Pour la quatrième fois sur les cinq dernières saisons, le titre de champion de Suisse sera attribué à l'issue du septième match décisif de la finale.

Cette "finalissima" entre Davos et Fribourg-Gottéron, prévue dès 20h jeudi, s'annonce riche en émotions.

Les Grisons visent leur 32e titre, mais le premier depuis 2015. Impressionnante en saison régulière, la troupe de Josh Holden a trouvé à qui parler en finale: Fribourg s'est imposé deux fois en terre davosienne, alors que le HCD n'avait auparavant perdu que trois matches à la maison sur l'ensemble de la saison.

L'avantage d'évoluer à domicile lors de l'acte VII est statistiquement considéré comme non négligeable, avec dans ce contexte quelque 80% de réussite pour l'équipe évoluant devant son public. Mais si l'on se penche seulement sur les finales de play-off, le scénario est tout autre.

Depuis que le format du "best of 7" a été instauré en 1997/98, neuf finales se sont jouées lors d'un match 7. L'équipe receveuse n'a triomphé que cinq fois, et la tendance s'est inversée au cours des quatre saisons précédentes avec les sacres à domicile de Zoug (2022, 4-3 face aux Zurich Lions), de Genève-Servette (2023, 4-3 face à Bienne) et du "Z" (2024, 4-3 face au LHC).

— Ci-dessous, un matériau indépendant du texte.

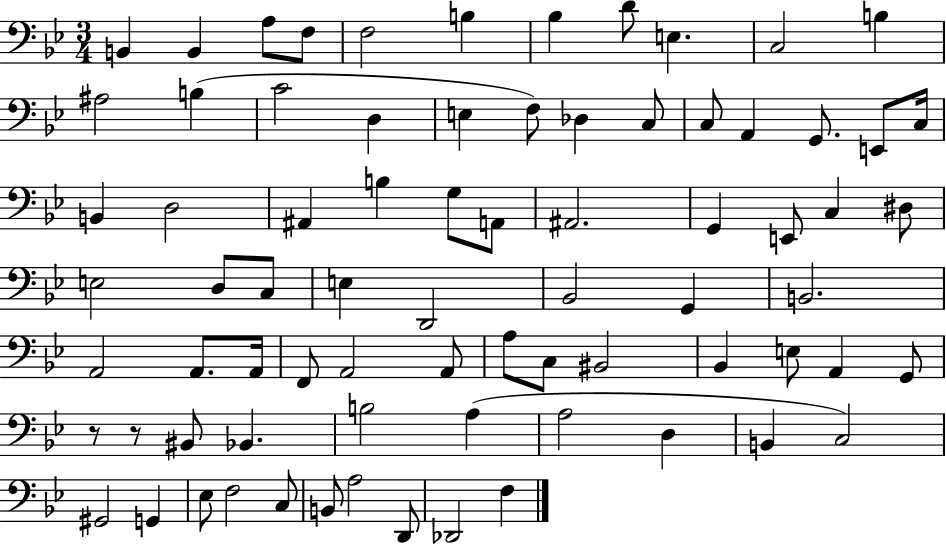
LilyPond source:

{
  \clef bass
  \numericTimeSignature
  \time 3/4
  \key bes \major
  b,4 b,4 a8 f8 | f2 b4 | bes4 d'8 e4. | c2 b4 | \break ais2 b4( | c'2 d4 | e4 f8) des4 c8 | c8 a,4 g,8. e,8 c16 | \break b,4 d2 | ais,4 b4 g8 a,8 | ais,2. | g,4 e,8 c4 dis8 | \break e2 d8 c8 | e4 d,2 | bes,2 g,4 | b,2. | \break a,2 a,8. a,16 | f,8 a,2 a,8 | a8 c8 bis,2 | bes,4 e8 a,4 g,8 | \break r8 r8 bis,8 bes,4. | b2 a4( | a2 d4 | b,4 c2) | \break gis,2 g,4 | ees8 f2 c8 | b,8 a2 d,8 | des,2 f4 | \break \bar "|."
}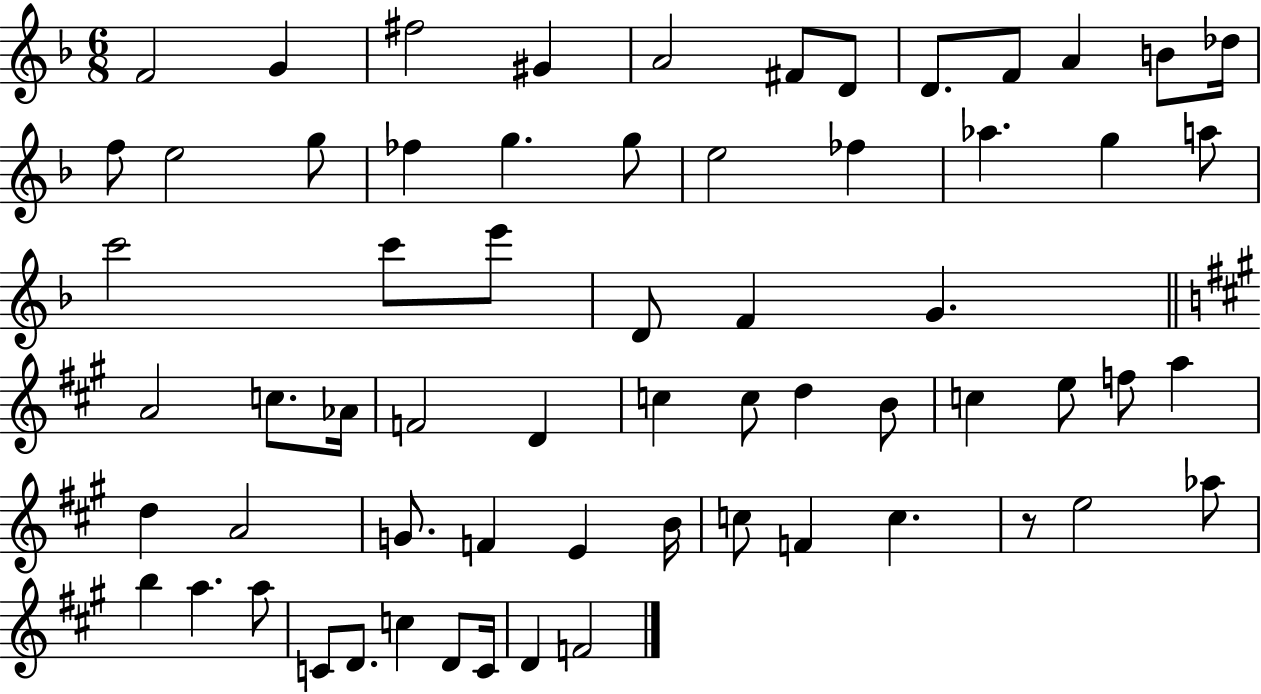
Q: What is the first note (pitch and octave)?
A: F4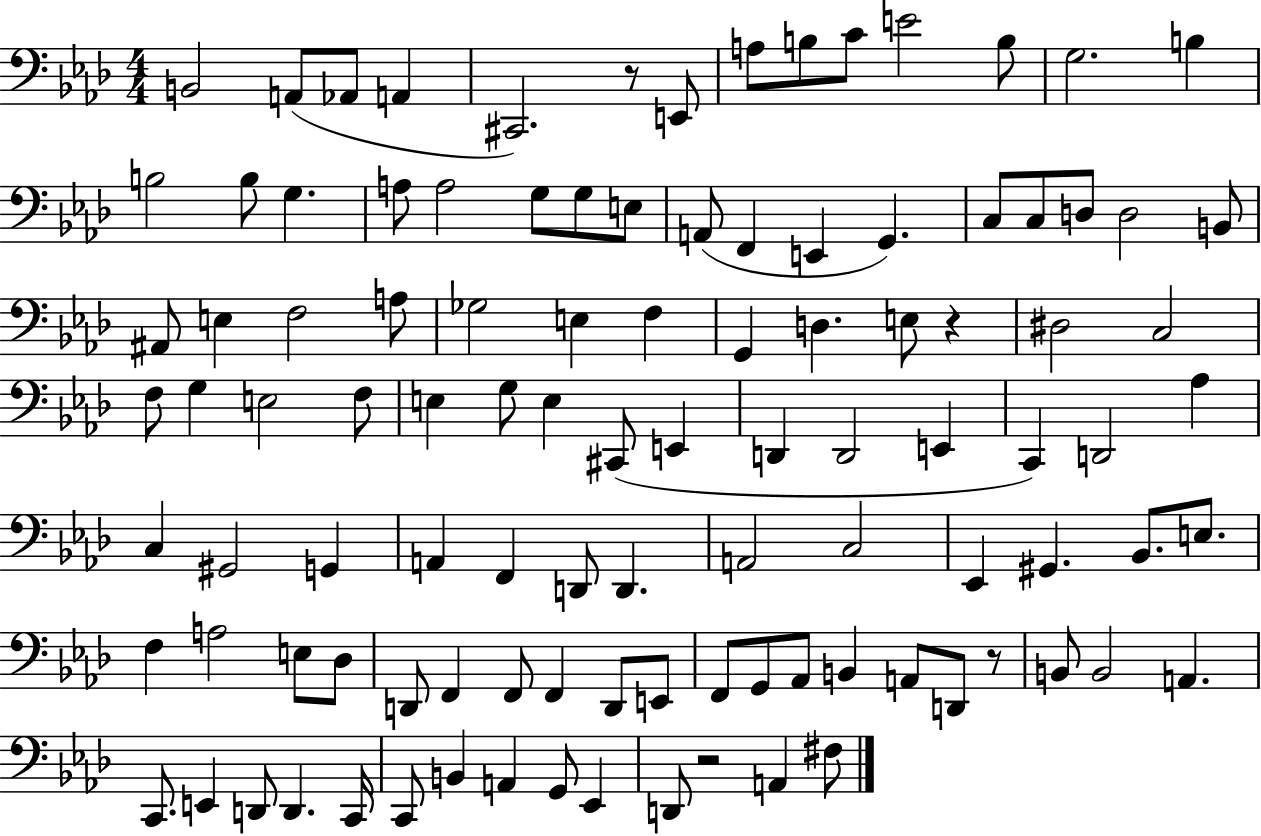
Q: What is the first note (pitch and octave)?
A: B2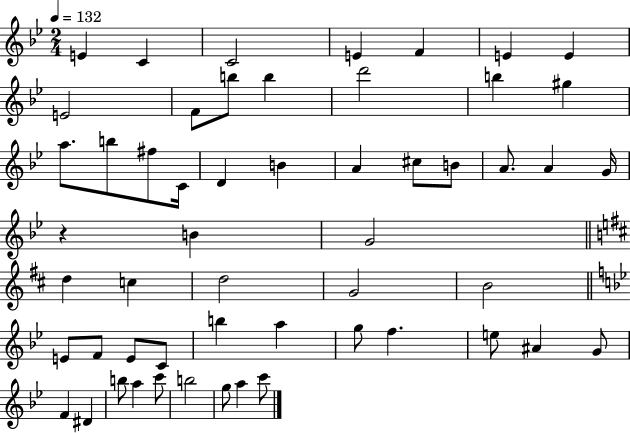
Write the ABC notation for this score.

X:1
T:Untitled
M:2/4
L:1/4
K:Bb
E C C2 E F E E E2 F/2 b/2 b d'2 b ^g a/2 b/2 ^f/2 C/4 D B A ^c/2 B/2 A/2 A G/4 z B G2 d c d2 G2 B2 E/2 F/2 E/2 C/2 b a g/2 f e/2 ^A G/2 F ^D b/2 a c'/2 b2 g/2 a c'/2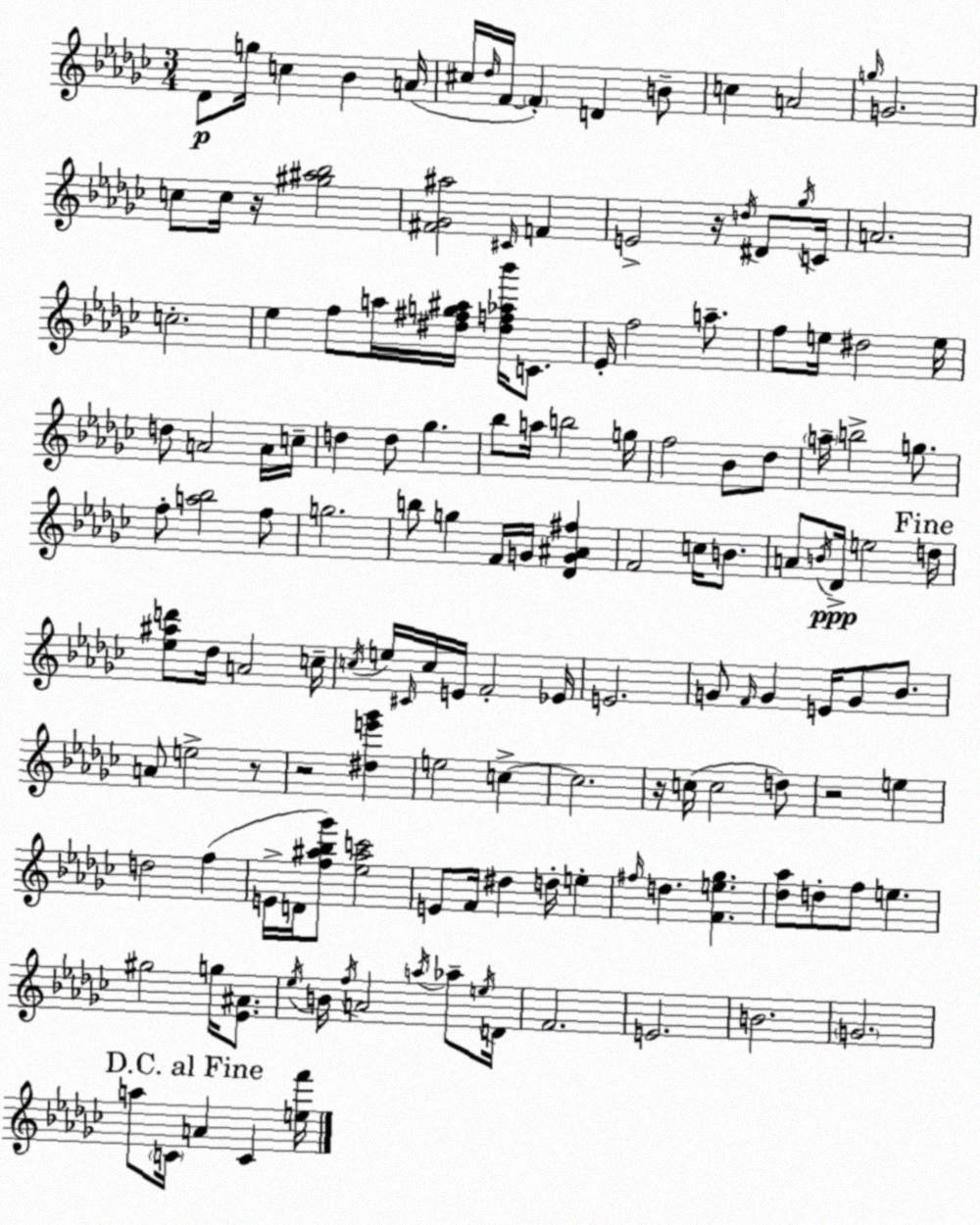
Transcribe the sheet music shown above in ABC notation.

X:1
T:Untitled
M:3/4
L:1/4
K:Ebm
_D/2 g/4 c _B A/4 ^c/4 _d/4 F/4 F D B/2 c A2 g/4 G2 c/2 c/4 z/4 [^g^a_b]2 [^F_G^a]2 ^C/4 F E2 z/4 d/4 ^D/2 _g/4 C/4 A2 c2 _e f/2 a/4 [^d^fg^a]/4 [^df_a_b']/4 C/2 _E/4 f2 a/2 f/2 e/4 ^d2 e/4 d/2 A2 A/4 c/4 d d/2 _g _b/2 a/4 b2 g/4 f2 _B/2 _d/2 a/4 b2 g/2 f/2 [a_b]2 f/2 g2 b/2 g F/4 G/4 [_DG^A^f] F2 c/4 B/2 A/2 B/4 _D/4 e2 d/4 [_e^ad']/2 _d/4 A2 c/4 c/4 e/4 ^C/4 c/4 E/4 F2 _E/4 E2 G/2 F/4 G E/4 G/2 _B/2 A/2 e2 z/2 z2 [^de'_g'] e2 c c2 z/4 c/4 c2 d/2 z2 e d2 f E/4 D/4 [f^a_b_g']/2 [_e^ac']2 E/2 F/4 ^d d/4 e ^f/4 d [Fe_g] [_d_a]/2 d/2 f/2 e ^g2 g/4 [_E^A]/2 _e/4 B/4 f/4 A2 a/4 _a/2 e/4 D/4 F2 E2 B2 G2 a/2 C/4 A C [ef']/4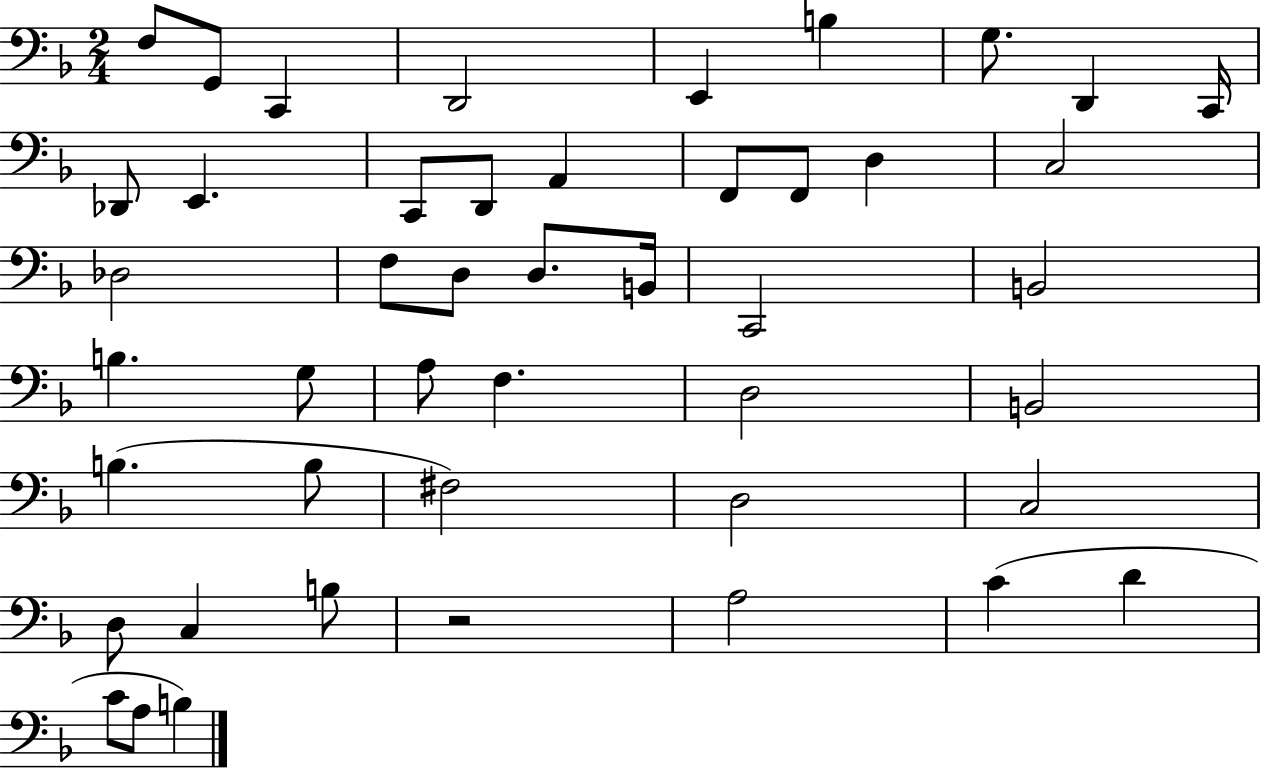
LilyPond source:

{
  \clef bass
  \numericTimeSignature
  \time 2/4
  \key f \major
  \repeat volta 2 { f8 g,8 c,4 | d,2 | e,4 b4 | g8. d,4 c,16 | \break des,8 e,4. | c,8 d,8 a,4 | f,8 f,8 d4 | c2 | \break des2 | f8 d8 d8. b,16 | c,2 | b,2 | \break b4. g8 | a8 f4. | d2 | b,2 | \break b4.( b8 | fis2) | d2 | c2 | \break d8 c4 b8 | r2 | a2 | c'4( d'4 | \break c'8 a8 b4) | } \bar "|."
}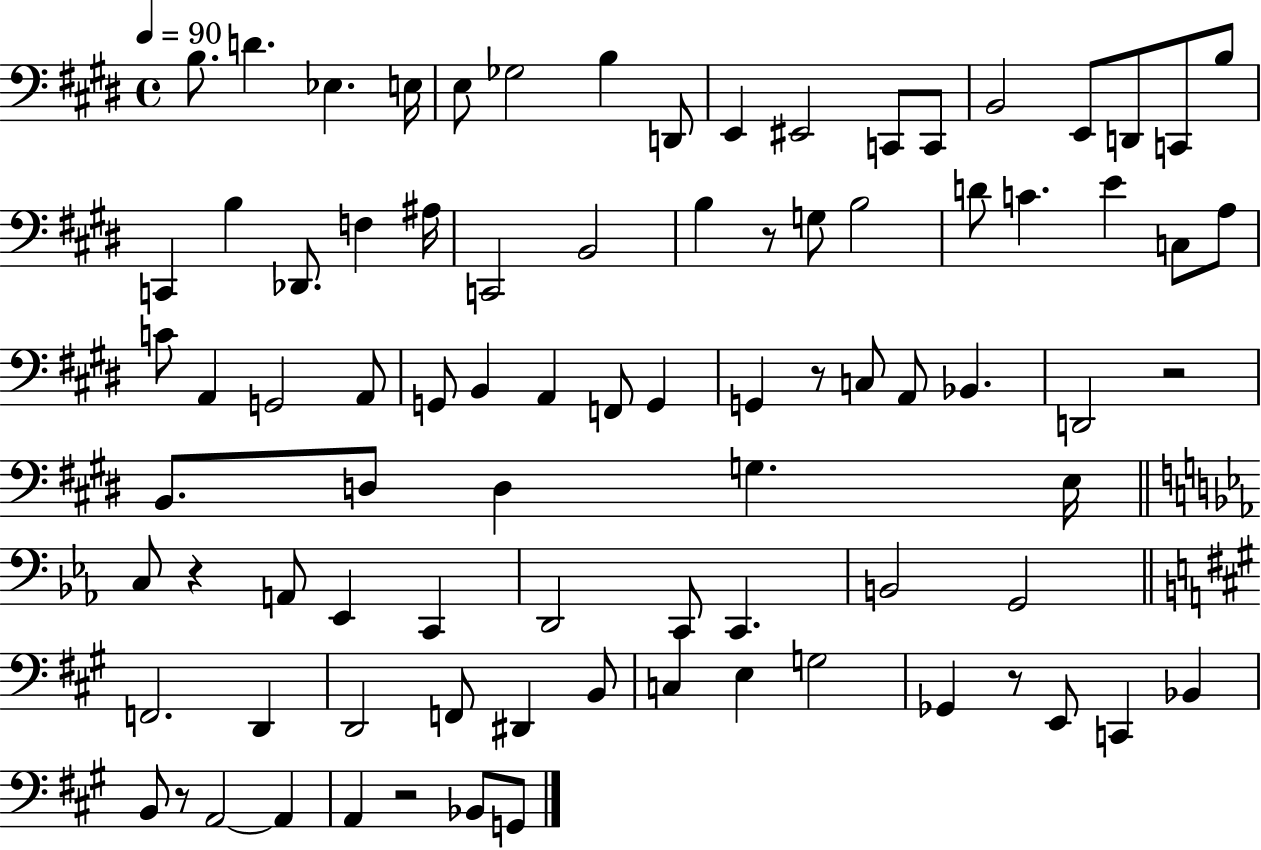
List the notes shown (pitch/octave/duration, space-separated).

B3/e. D4/q. Eb3/q. E3/s E3/e Gb3/h B3/q D2/e E2/q EIS2/h C2/e C2/e B2/h E2/e D2/e C2/e B3/e C2/q B3/q Db2/e. F3/q A#3/s C2/h B2/h B3/q R/e G3/e B3/h D4/e C4/q. E4/q C3/e A3/e C4/e A2/q G2/h A2/e G2/e B2/q A2/q F2/e G2/q G2/q R/e C3/e A2/e Bb2/q. D2/h R/h B2/e. D3/e D3/q G3/q. E3/s C3/e R/q A2/e Eb2/q C2/q D2/h C2/e C2/q. B2/h G2/h F2/h. D2/q D2/h F2/e D#2/q B2/e C3/q E3/q G3/h Gb2/q R/e E2/e C2/q Bb2/q B2/e R/e A2/h A2/q A2/q R/h Bb2/e G2/e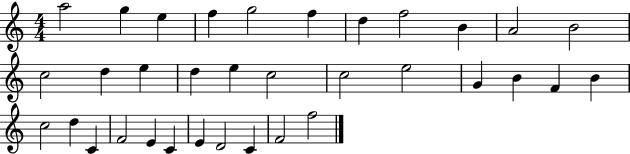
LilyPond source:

{
  \clef treble
  \numericTimeSignature
  \time 4/4
  \key c \major
  a''2 g''4 e''4 | f''4 g''2 f''4 | d''4 f''2 b'4 | a'2 b'2 | \break c''2 d''4 e''4 | d''4 e''4 c''2 | c''2 e''2 | g'4 b'4 f'4 b'4 | \break c''2 d''4 c'4 | f'2 e'4 c'4 | e'4 d'2 c'4 | f'2 f''2 | \break \bar "|."
}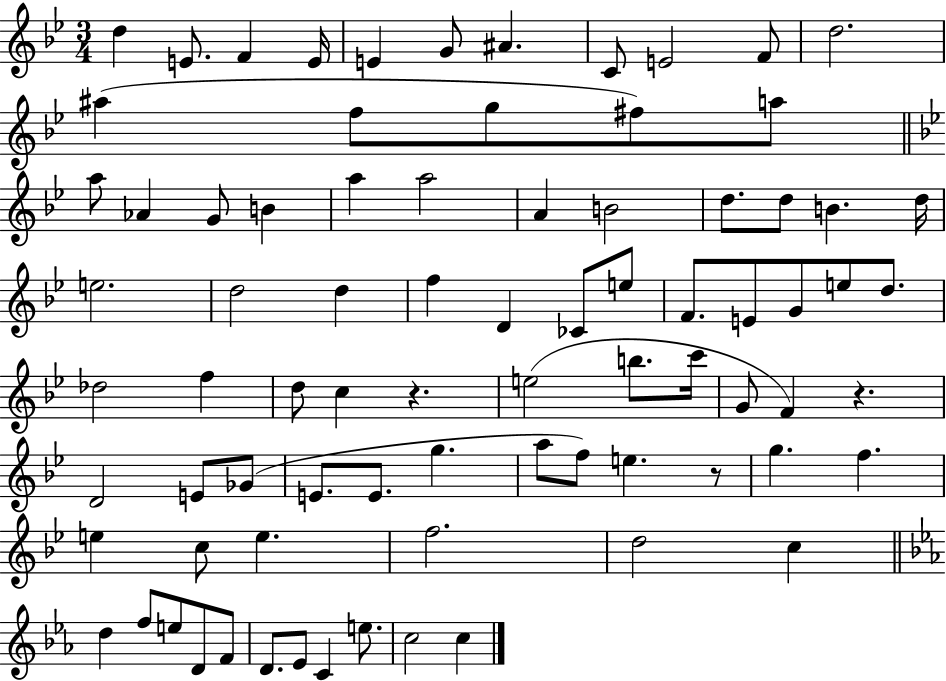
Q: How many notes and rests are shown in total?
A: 80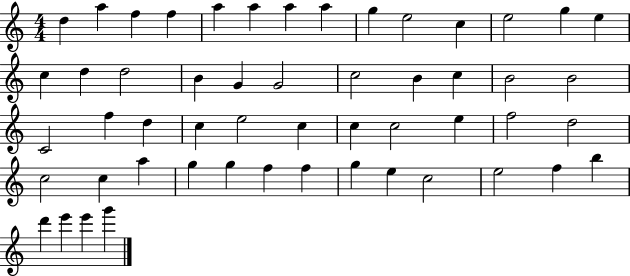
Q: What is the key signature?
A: C major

Zurich s'est fait l'auteur de trois des quatre victoires obtenues à l'extérieur dans l'acte VII d'une finale, avec notamment le mémorable sacre de 2012 fêté grâce à un but inscrit par Steve McCarthy à 2''5 de la fin du temps réglementaire à Berne. Et c'est Davos qui a signé le quatrième succès en terre adverse dans une "Finalissima".

Les Grisons, qui ont aussi connu les joies d'un sacre à domicile au terme d'un match 7, savent parfaitement que tout est possible. Cette finale 2026 n'a qui plus est répondu à aucune logique jusqu'ici, les deux équipes n'ayant pas su profiter du fameux "momentum" pour enfoncer le clou lorsqu'elles en avaient l'occasion.

"Groggy" après un match 5 perdu en prolongation après avoir gâché un avantage de trois buts (3-0 à la 16e), Fribourg est ainsi passé par tous les états d'âme mardi encore. Le 1-1 concédé à 3'09 de la fin du temps réglementaire aurait pu mettre les Dragons K.O. Mais ils sont toujours bien en vie.

Un 2e acte VII

Le Gottéron de Roger Rönnberg a d'ailleurs témoigné d'une énorme force de caractère dès le début des play-off. Nerveux, les Fribourgeois avaient ainsi perdu les deux premiers matches de leur quart de finale face à Rapperswil-Jona, se retrouvant notamment menés 4-0 dans l'acte I à St-Léonard.

Les Dragons avaient finalement maté les Lakers au bout du suspense, à la 77e minute du match 7. Libérés, ils sont rompus à cet exercice si particulier. Ils feront tout pour faire du 1186e et dernier match en National League de leur no 86 Julien Sprunger le plus beau d'entre tous, afin d'offrir enfin un premier titre attendu depuis si longtemps sur les bords de la Sarine.